Но тяжело переживая крушение своей популярности среди рабочих, мучительно раздумывая о степени своей виновности в том, что одни погибают от голода, а другие расстреляны, Этьен, восстановив события, сознал, что в день бунта сам был захвачен неудержимой лавиной шахтерского шествия и остановился беспомощно перед прорвавшимися разрушительными инстинктами. В Этьене не оказалось задатков подлинного вожака масс. «Никогда, кстати сказать, он не руководил ими, — они сами вели его, заставляли делать то, что он не решился бы сделать, если бы его не подталкивал людской поток, устремившийся по дорогам позади него». Его еще продолжало терзать глухое беспокойство, что во время решающих событий он был «не на высоте своей задачи». Но дистанция между Этьеном и шахтерской средой все расширялась: «сердцем, он был уже не с товарищами» («il n'etait meme plus de coeur avec les camarades»).

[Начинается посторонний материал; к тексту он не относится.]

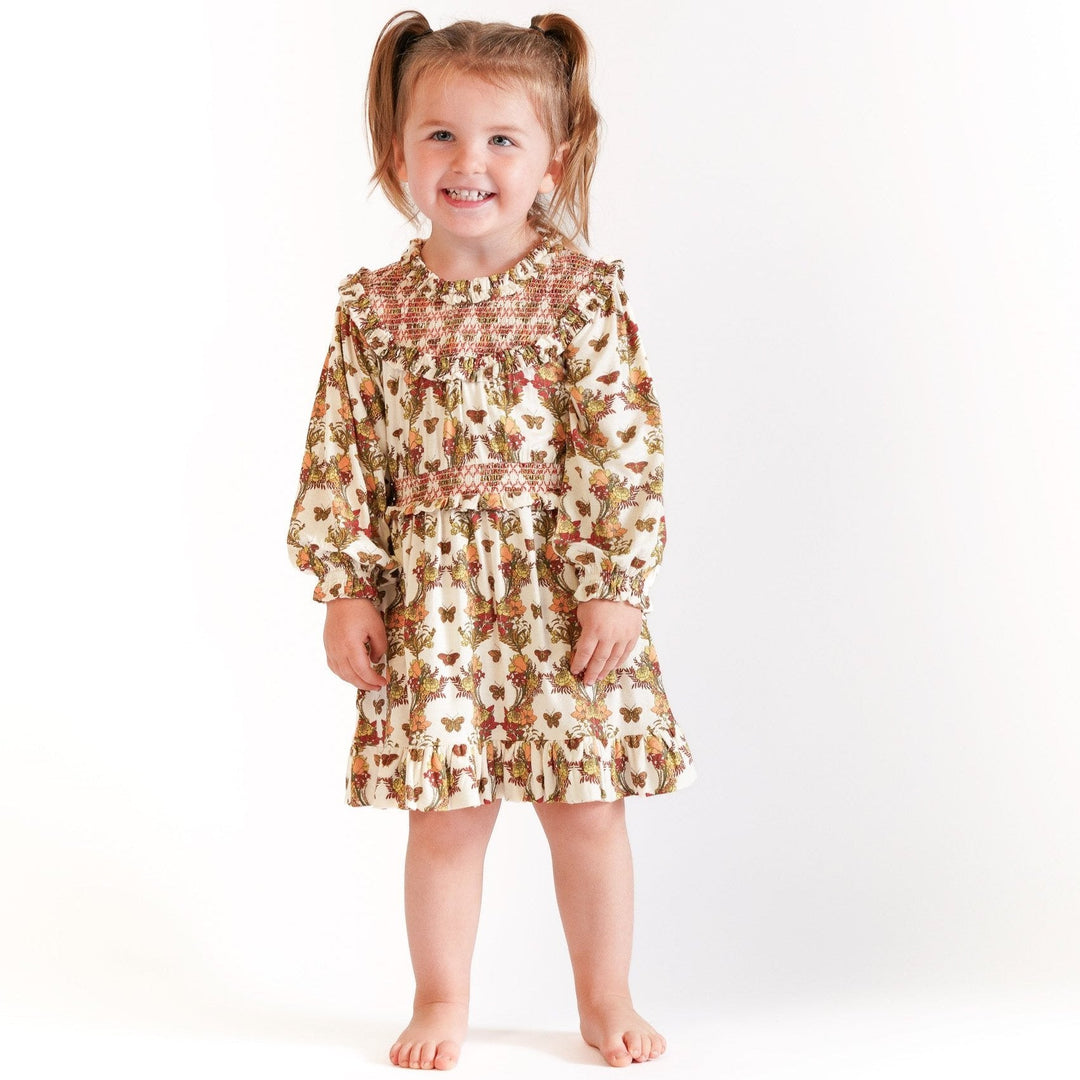 winnie long sleeve dress | forest floral butterfly | bamboo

Он испытывал страх перед разгневанным пародом, перед огромной массой, разбушевавшейся и неодолимой («il avait peur d'eux, de cette masse enorme, aveugle et irresistible du peuple»), «мало-помалу она становилась для него чужой»: Этьена отдаляло от товарищей «постепенно развившееся стремление всего его существа подняться выше — к другому классу» («vers une classe superieure»). И, конечно, не в этом герое, столь очевидно затронутом процессом буржуазного перерождения, проявился в романе Золя мятежный дух Жерминаля[183].

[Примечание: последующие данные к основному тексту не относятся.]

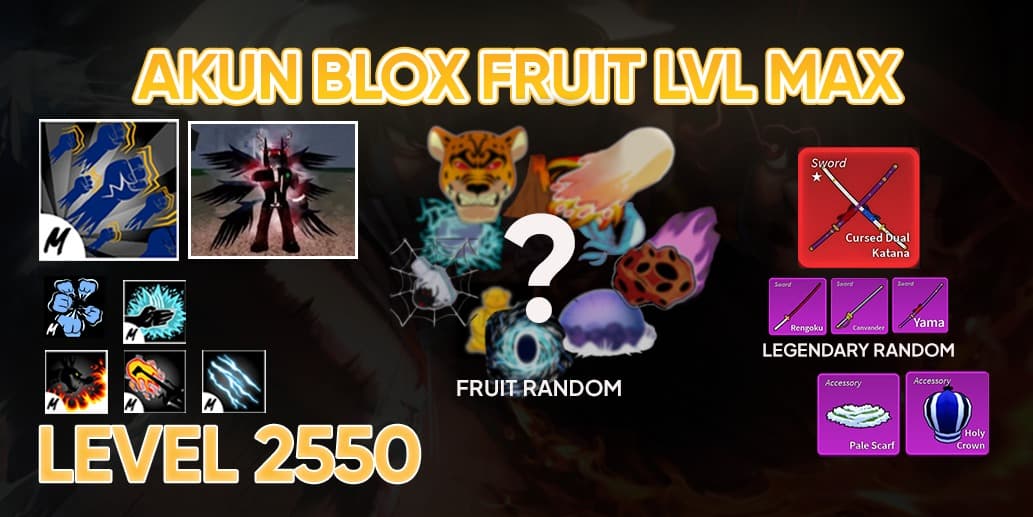 Akun Blox Fruit Level max - Godhuman + CDK + Race Ghoul V4 Full Gear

* * *Вскоре после выхода в свет романа «Жерминаль» Эмиль Золя в полемическом письме Анри Сеару отстаивал свои творческие принципы. Золя не принял упреков, которые адресовал ему Сеар в статье, посвященной «Жерминалю». «…Вы говорите — условность персонажей, неподвижность фигур — каждая как бы застыла в одной позе. Так ли уж это справедливо в отношении „Жерминаля“? Не думаю». Он поясняет: упрощение образов второстепенных персонажей вызвано масштабами темы, эпическим размахом многофигурного, наполненного жизнью повествования. «Дело в том, что этот роман — гигантская фреска. Каждая глава, каждая клетка этой композиции оказалась настолько тесной, что все пришлось подать в уменьшенном виде». Но и «упрощение» не следовало понимать как недостаточную выразительность героев второго плана. Они «обозначены здесь одной чертой. Что ж, это мой обычный прием», — писал Золя.
Действительно, «одна черта», но тщательно отобранная, явно доминирующая в образе, придавала ему резкую характерность и не позволяла затеряться среди других.

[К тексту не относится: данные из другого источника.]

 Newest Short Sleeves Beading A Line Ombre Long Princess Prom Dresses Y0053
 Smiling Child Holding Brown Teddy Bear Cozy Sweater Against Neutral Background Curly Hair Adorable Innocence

«Однако посмотрите на главных героев романа — у каждого своя линия развития… Мне казалось, что в таком монументальном произведении, как мой роман, линии главных героев будут четко выделяться на фоне толпы и тем самым достаточно выразят мой замысел». Острый момент в споре Эмиля Золя с Сеаром имел касательство именно к замыслу. Критик, которым не была понята концепция автора, полагал, что в данном произведении вообще не следовало выделять обособленных персонажей, надо было изображать только толпу. «Не вижу, как это можно было бы осуществить, — недоумевал Золя. — Ведь я хотел показать именно взаимодействие и взаимовлияние отдельной личности и толпы. Как же я мог обойтись без отдельной личности?»[184].